*** Begin section ***

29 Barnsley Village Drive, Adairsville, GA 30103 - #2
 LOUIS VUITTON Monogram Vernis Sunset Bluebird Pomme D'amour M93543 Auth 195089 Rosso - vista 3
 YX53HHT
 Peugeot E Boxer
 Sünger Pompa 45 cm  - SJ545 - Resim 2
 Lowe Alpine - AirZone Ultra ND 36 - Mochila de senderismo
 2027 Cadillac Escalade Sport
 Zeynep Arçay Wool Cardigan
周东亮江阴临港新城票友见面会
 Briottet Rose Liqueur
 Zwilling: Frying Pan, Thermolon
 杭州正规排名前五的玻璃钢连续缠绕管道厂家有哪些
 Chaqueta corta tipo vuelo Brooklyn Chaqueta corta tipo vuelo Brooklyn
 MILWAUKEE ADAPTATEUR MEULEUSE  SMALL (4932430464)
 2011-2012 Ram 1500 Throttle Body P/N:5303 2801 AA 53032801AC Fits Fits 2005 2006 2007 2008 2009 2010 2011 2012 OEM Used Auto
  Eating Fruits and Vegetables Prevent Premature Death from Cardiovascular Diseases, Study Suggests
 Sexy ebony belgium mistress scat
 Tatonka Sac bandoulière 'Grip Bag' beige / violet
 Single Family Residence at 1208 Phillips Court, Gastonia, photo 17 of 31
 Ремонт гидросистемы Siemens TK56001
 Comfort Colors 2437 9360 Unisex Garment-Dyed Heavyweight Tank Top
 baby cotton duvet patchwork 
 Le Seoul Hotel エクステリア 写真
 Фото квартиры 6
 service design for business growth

*** End section ***

ASSIGNED TASK
The entries above are to be transcribed in full and without error.

OUTPUT FOR THIS TASK
29 Barnsley Village Drive, Adairsville, GA 30103 - #2
 LOUIS VUITTON Monogram Vernis Sunset Bluebird Pomme D'amour M93543 Auth 195089 Rosso - vista 3
 YX53HHT
 Peugeot E Boxer
 Sünger Pompa 45 cm  - SJ545 - Resim 2
 Lowe Alpine - AirZone Ultra ND 36 - Mochila de senderismo
 2027 Cadillac Escalade Sport
 Zeynep Arçay Wool Cardigan
周东亮江阴临港新城票友见面会
 Briottet Rose Liqueur
 Zwilling: Frying Pan, Thermolon
 杭州正规排名前五的玻璃钢连续缠绕管道厂家有哪些
 Chaqueta corta tipo vuelo Brooklyn Chaqueta corta tipo vuelo Brooklyn
 MILWAUKEE ADAPTATEUR MEULEUSE  SMALL (4932430464)
 2011-2012 Ram 1500 Throttle Body P/N:5303 2801 AA 53032801AC Fits Fits 2005 2006 2007 2008 2009 2010 2011 2012 OEM Used Auto
  Eating Fruits and Vegetables Prevent Premature Death from Cardiovascular Diseases, Study Suggests
 Sexy ebony belgium mistress scat
 Tatonka Sac bandoulière 'Grip Bag' beige / violet
 Single Family Residence at 1208 Phillips Court, Gastonia, photo 17 of 31
 Ремонт гидросистемы Siemens TK56001
 Comfort Colors 2437 9360 Unisex Garment-Dyed Heavyweight Tank Top
 baby cotton duvet patchwork 
 Le Seoul Hotel エクステリア 写真
 Фото квартиры 6
 service design for business growth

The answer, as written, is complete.